A redox switch in angiotensinogen modulates angiotensin release

Blood pressure is critically controlled by angiotensins, which are vasopressor Peptides specifically released by the Enzyme renin from the tail of angiotensinogen-a non-inhibitory member of the serpin family of Protease Inhibitors. Although Angiotensinogen has long been regarded as a passive substrate, the crystal structures solved here to 2.1 Å resolution show that the angiotensin cleavage site is inaccessibly buried in its amino-terminal tail. The conformational rearrangement that makes this site accessible for proteolysis is revealed in our 4.4 Å structure of the complex of human Angiotensinogen with Renin.
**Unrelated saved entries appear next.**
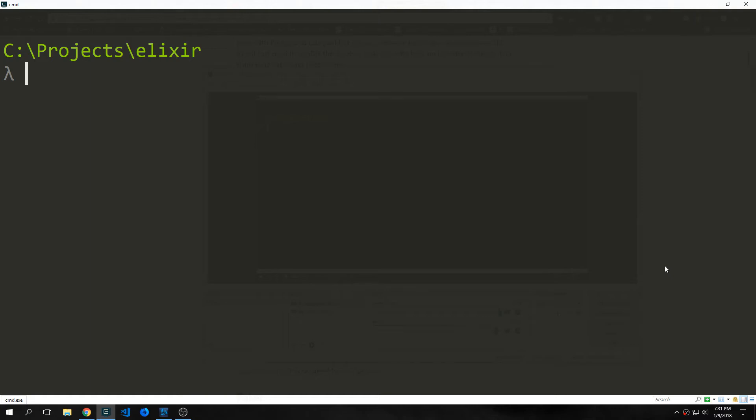Hi guys, welcome back to my Elixir Phoenix 1.3 tutorial series. My name is Tensor.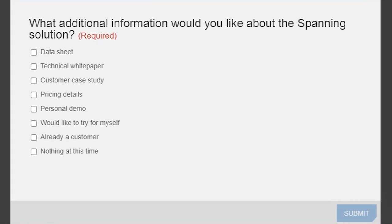There's a new poll on screen asking what additional information you'd like about Spanning solutions. Take a second and let them know what follow-up would be most helpful after the presentation we just heard. While you're clicking on that poll, Sham and I are going to dive into some of those questions.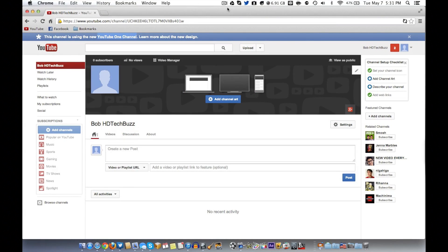Hey guys, you're watching HD Tech Pose and this is a tutorial on how to set up a YouTube One Channel — that's the new design they're calling it, which just came out a few months ago. If you haven't seen my video on how to make a YouTube account and you'd like to, I'll put the link in the top right corner. Let's go ahead and get started.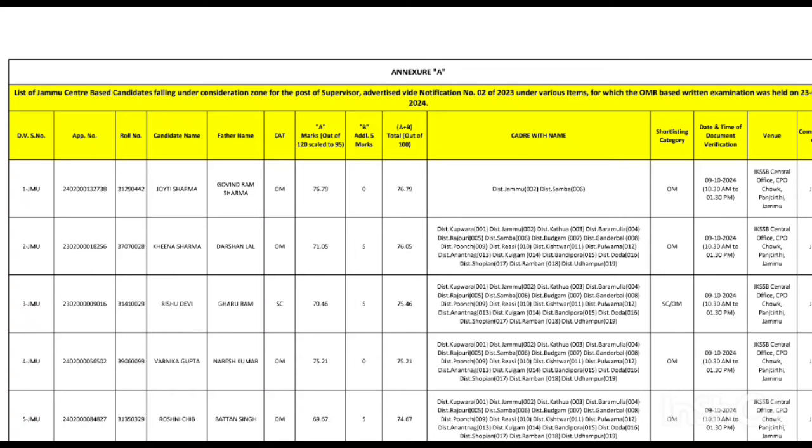Usually what they do is that more people are called than the number of posts available. For example, if there are some hundred posts, then they call more candidates for document verification. But in reality, fewer people are actually selected. You can get a rough idea from category-wise cutoff if you do a little calculation.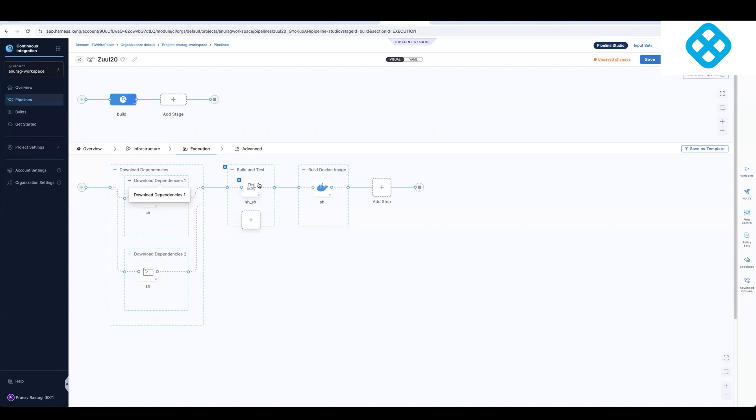We're also using test intelligence where it'll select a subset of tests based on the code that was changed. We're also doing out of the box build and push steps and also enabling Docker layer caching, which will further optimize your build times as well.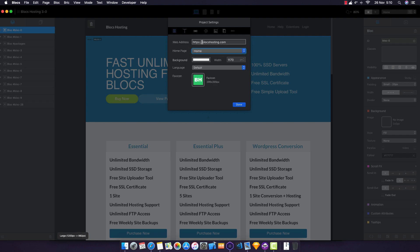The first tip is to make sure that you have an SSL certificate. Blox Hosting gives you free SSL certificates. Since a couple months ago, if you don't have an SSL certificate, Google will rank you as unsafe and rank you further down compared to sites that have HTTPS.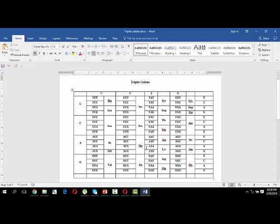In today's lecture we will study how to memorize the triplet codons of amino acids in an easy way. There are certain nucleotide bases present in RNA: A, U, G, and C.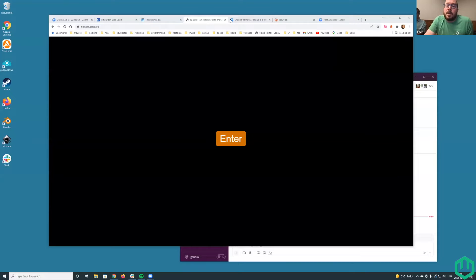Welcome to WasmCloud Wednesday for March the 30th, 2022. We've got a special demo today with Ninjas. You want to get us kicked off?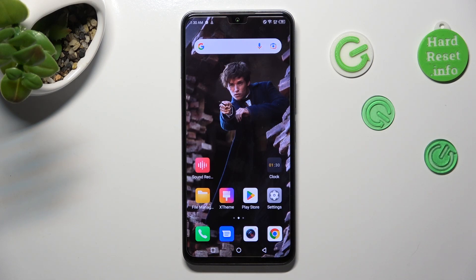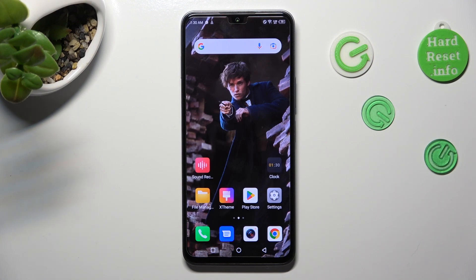Hi, in front of me is Infinix Note 12 2023, and today I would like to show you how you can switch on or off adaptive brightness on this Infinix.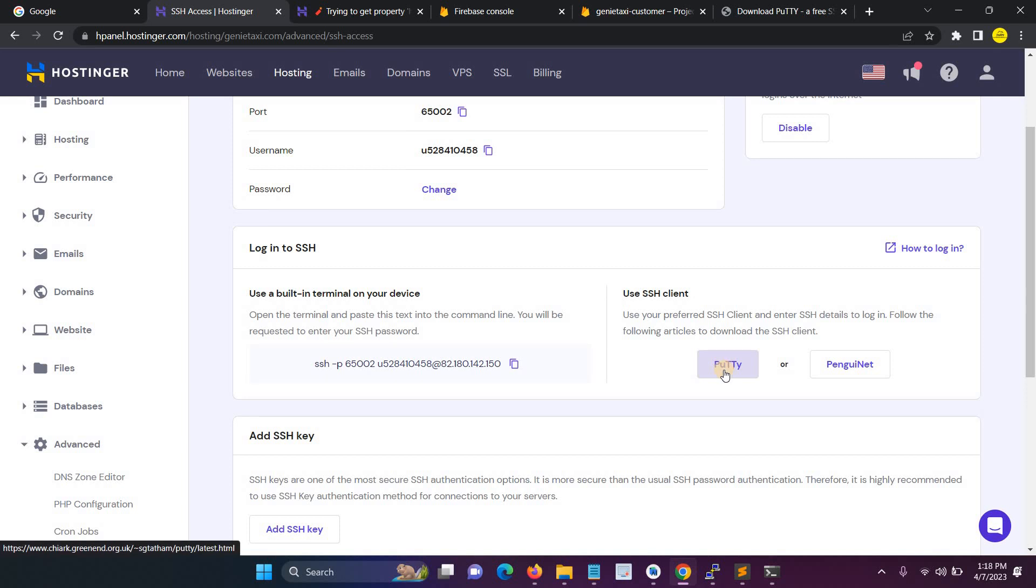But the recommended method is PuTTY. So I hope this video is very useful for you. If you have any doubt, just comment below. And thank you.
The co-ordinated changes involved are seen to be critically linked by a conserved but labile disulphide bridge. Here we show that the reduced unbridged form of Angiotensinogen is present in the circulation in a near 40:60 ratio with the oxidized sulphydryl-bridged form, which preferentially interacts with receptor-bound Renin. We propose that this redox-responsive transition of Angiotensinogen to a form that will more effectively release angiotensin at a cellular level contributes to the modulation of blood pressure. Specifically, we demonstrate the oxidative switch of Angiotensinogen to its more active sulphydryl-bridged form in the maternal circulation in pre-eclampsia-the hypertensive crisis of pregnancy that threatens the health and survival of both mother and child.